Thomas Drake poses for a portrait at the offices of the Government Accountability Project in Washington in 2013. (Matt McClain/The Washington Post)

Mark S. Zaid’s June 11 Outlook essay, “Reality Winner is not a whistleblower,” accurately described statutory rights for intelligence contractors such as Ms. Winner who blow the whistle publicly with classified information: They have none. But a fatal flaw undermines warnings that whistleblowers rejecting official channels proceed at their own risk under the Espionage Act; they proceed at their own risk when they follow the rules. All whistleblowers are defenseless against criminal liability. Unlike more than a dozen nations, even including Zambia, the United States has no public-interest defense against prosecution.

Of course whistleblowers should operate lawfully. Unfortunately, that is a one-way street. In December 2012, the House stripped rights providing jury trials for those working within the system, creating a gap between duties and rights.

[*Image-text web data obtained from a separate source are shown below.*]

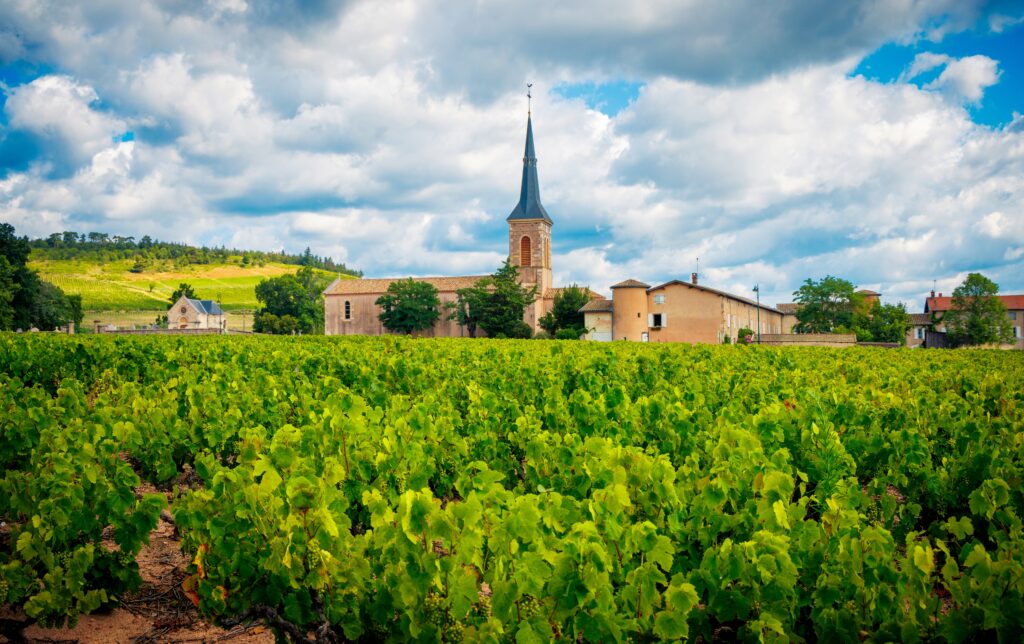 Burgundy,Vinegrape,And,Church-,France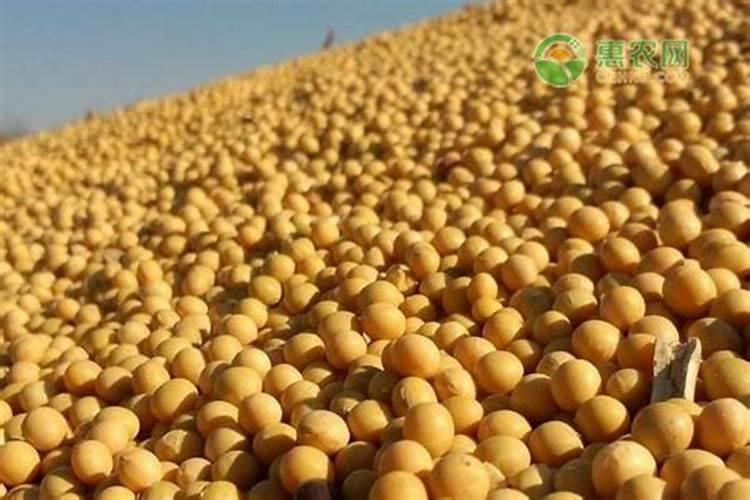 种植牧草用什么肥料好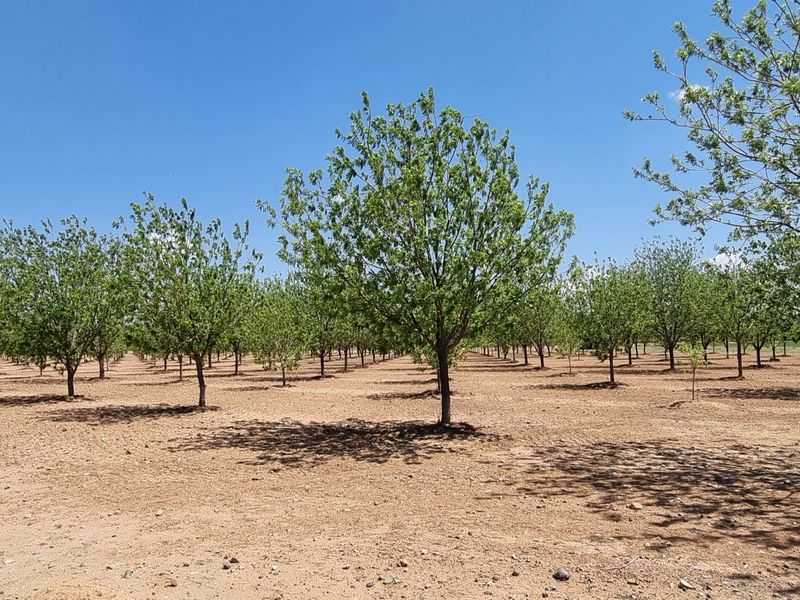 A well-maintained orchard featuring rows of established trees set within a cleared, open landscape on the small holding.
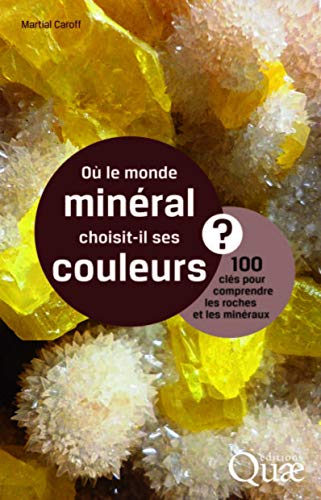 Où le monde minéral choisit-il ses couleurs ? : 100 clés pour comprendre les roches et les minéraux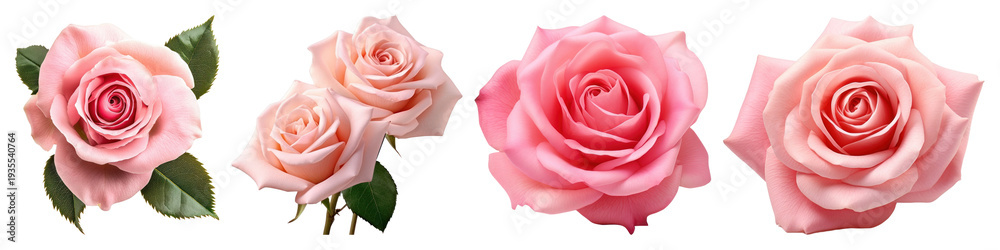 Fototapeta premium PNG Elegant pink roses beautifully arranged, transparent background
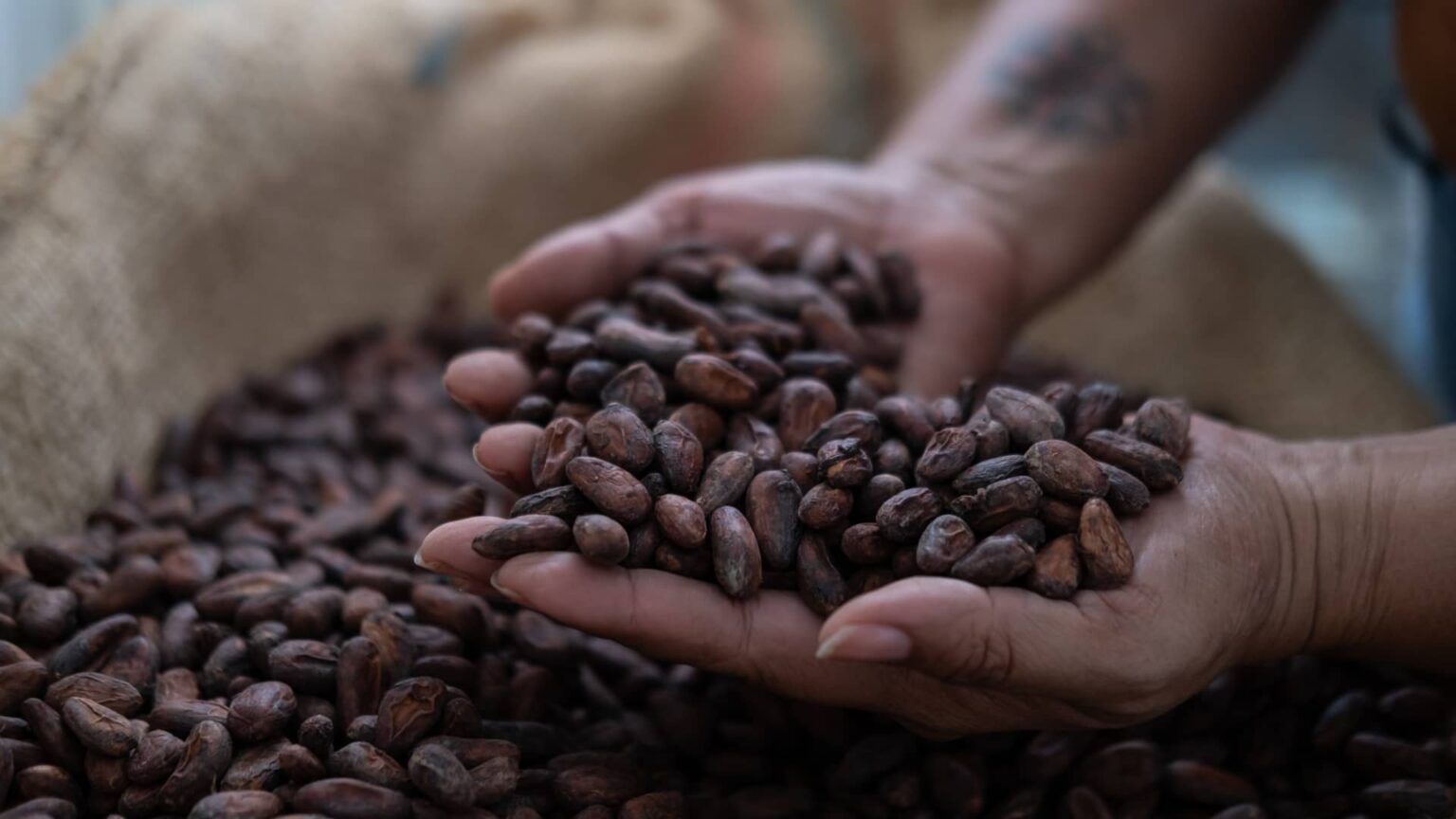 107429205 1718372908360 Gettyimages 2105322411 Colombia Cacao Production.jpeg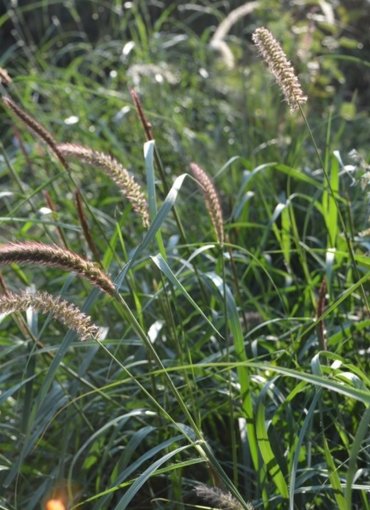 Suresh Forestry Network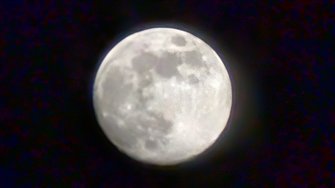 PXL_20250112_170534567~2.jpg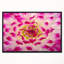Photographie « smooth white rose pétales »-26689612-35062998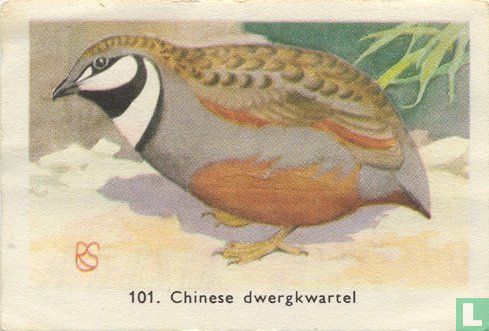 Chinese dwergkwartel - Image 1
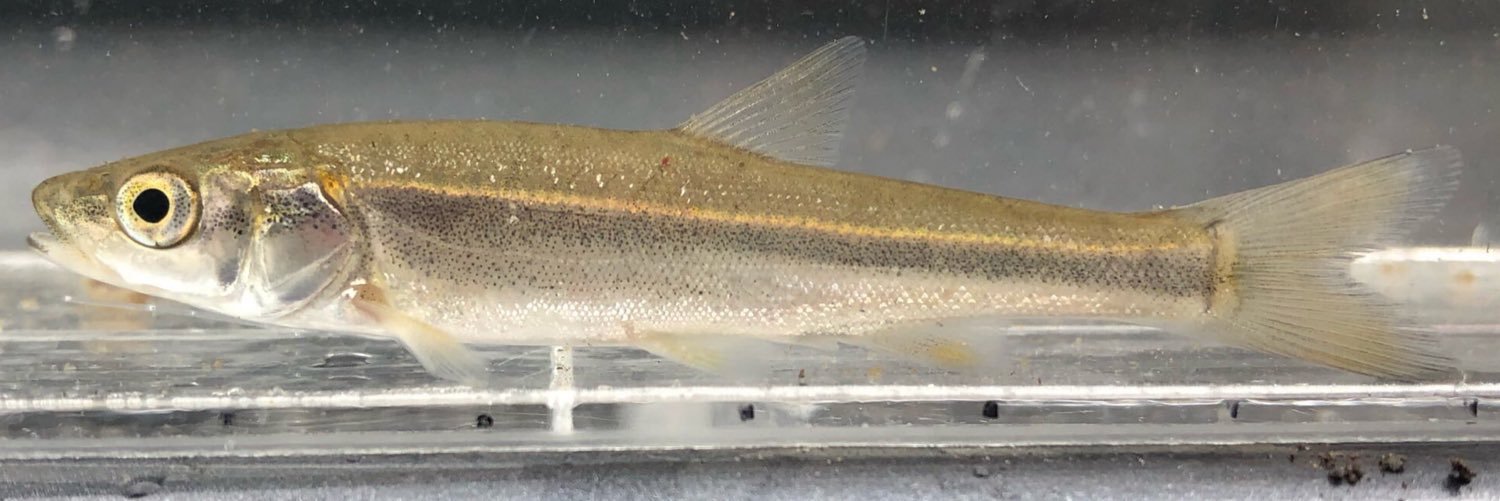 受口石斑魚 banner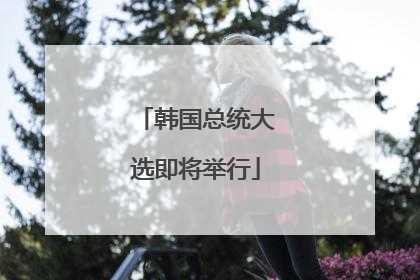 韩国总统大选即将举行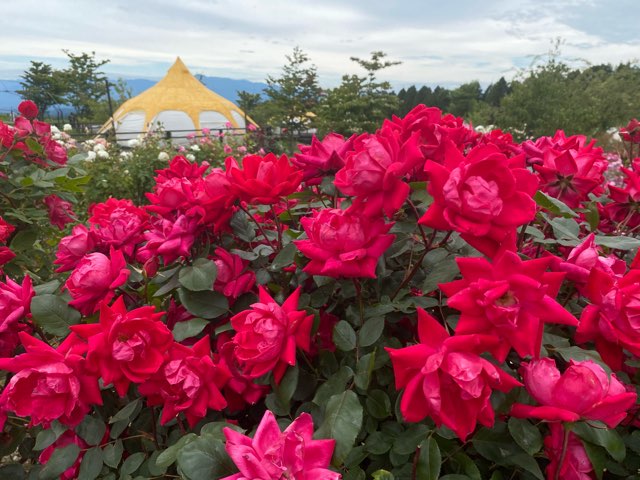 くじゅう花公園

Tom Drake and other National Security Agency whistleblowers exposed blanket domestic surveillance in 2002 without classified media leaks. The Pentagon Office of Inspector General referred them to the FBI as possible leakers. Unsuccessful prosecutors sought 35 years’ incarceration. Edward Snowden said this helped him decide not to trust official channels.

Duties without rights encourage illegal leaks. More prosecutions will spark more sophisticated leaking, not silence. Until there are legal rights for doing it right, we have not seen anything yet.

Tom Devine, Washington

The writer is legal director of the Government Accountability Project, a whistleblower-protection organization.